# 🤗 Hugging Face LLM Course Practical Exercise

## 📝 Exercise: Train and Share Your First Transformer

### 🎯 Goal
By completing this exercise, you will apply the concepts from Chapters 1–4 of the Hugging Face LLM course:

- Use a pretrained Transformer model for text classification
- Fine-tune the model on a small dataset
- Evaluate its performance
- Share the model publicly on the Hugging Face Hub

---

### 📚 Chapters Covered
- **Chapter 1-2**: Using pretrained models with pipelines
- **Chapter 3**: Fine-tuning models on custom datasets
- **Chapter 4**: Sharing models on the Hugging Face Hub

---

### 🚀 Let's get started!

## 📦 Install Required Libraries

First, let's install all the necessary libraries:

In [None]:
# Install required libraries
!pip install transformers datasets torch evaluate accelerate huggingface_hub ipywidgets

## 🔹 1. Load a Pretrained Model (Chapter 1–2)

Let's start by using the Hugging Face `pipeline` API to load a sentiment analysis model.

In [1]:
from transformers import pipeline
import torch

# Load the sentiment analysis pipeline
sentiment_pipeline = pipeline(
    "sentiment-analysis",
    model="distilbert-base-uncased-finetuned-sst-2-english"
)

print("✅ Sentiment analysis pipeline loaded successfully!")
print(f"Model: {sentiment_pipeline.model.name_or_path}")

Device set to use mps:0


✅ Sentiment analysis pipeline loaded successfully!
Model: distilbert-base-uncased-finetuned-sst-2-english


### Test the Pretrained Model

Now let's test our model with some example sentences:

In [2]:
# Test sentences
test_sentences = [
    "I love this movie, it's absolutely fantastic!",
    "This is the worst experience I've ever had.",
    "The food was okay, nothing special.",
    "I'm feeling great about this project!",
    "This product is terrible, don't buy it."
]

print("🔍 Testing the pretrained model:")
print("=" * 50)

for i, sentence in enumerate(test_sentences, 1):
    result = sentiment_pipeline(sentence)
    label = result[0]['label']
    score = result[0]['score']
    
    print(f"{i}. Sentence: {sentence}")
    print(f"   Prediction: {label} (Confidence: {score:.3f})")
    print()

🔍 Testing the pretrained model:
1. Sentence: I love this movie, it's absolutely fantastic!
   Prediction: POSITIVE (Confidence: 1.000)

2. Sentence: This is the worst experience I've ever had.
   Prediction: NEGATIVE (Confidence: 1.000)

3. Sentence: The food was okay, nothing special.
   Prediction: NEGATIVE (Confidence: 0.983)

4. Sentence: I'm feeling great about this project!
   Prediction: POSITIVE (Confidence: 1.000)

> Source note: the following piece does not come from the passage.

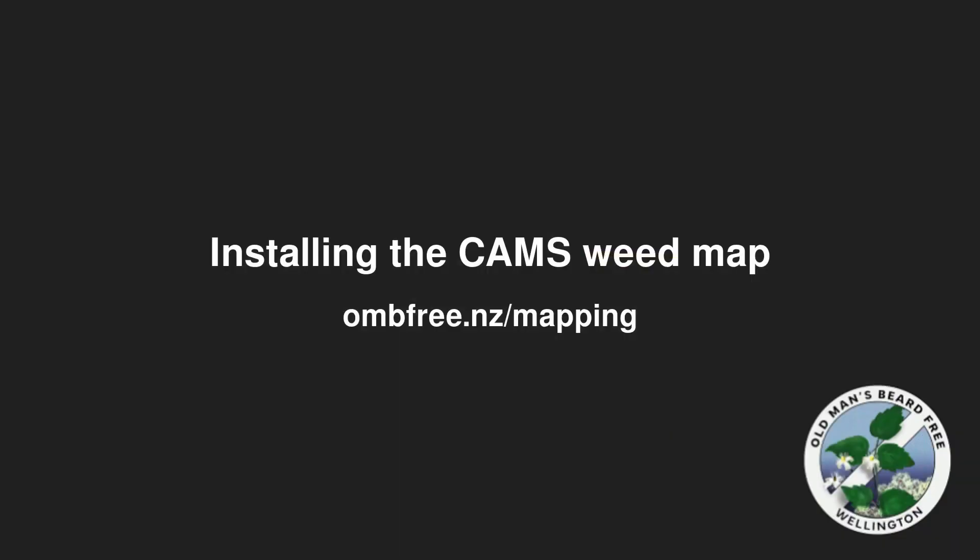The public CAMS map shows the weed patches entered using iNaturalist. It can be installed on your mobile device or opened using your browser. It is useful to install it on your mobile device for use in the field. See ombfree.nz/mapping for instructions on how to install or open it.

5. Sentence: This product is terrible, don't buy it.
   Prediction: NEGATIVE (Confidence: 1.000)



## 🔹 2. Fine-tune the Model on a Dataset (Chapter 3)

Now let's fine-tune our model on the IMDb dataset. We'll use a **balanced random subset** to ensure proper training.

In [3]:
from datasets import load_dataset
from transformers import AutoTokenizer, AutoModelForSequenceClassification, TrainingArguments, Trainer
import evaluate
import numpy as np
import random

# Load IMDb dataset
print("📚 Loading IMDb dataset...")
dataset = load_dataset("imdb")

# Create a BALANCED random subset for proper training
print("🎲 Creating balanced random subset...")
random.seed(42)  # For reproducibility

# Get random indices for balanced sampling
all_indices = list(range(len(dataset["train"])))
random.shuffle(all_indices)

# Take 500 negative and 500 positive samples
neg_indices = [i for i in all_indices if dataset["train"][i]["label"] == 0][:500]
pos_indices = [i for i in all_indices if dataset["train"][i]["label"] == 1][:500]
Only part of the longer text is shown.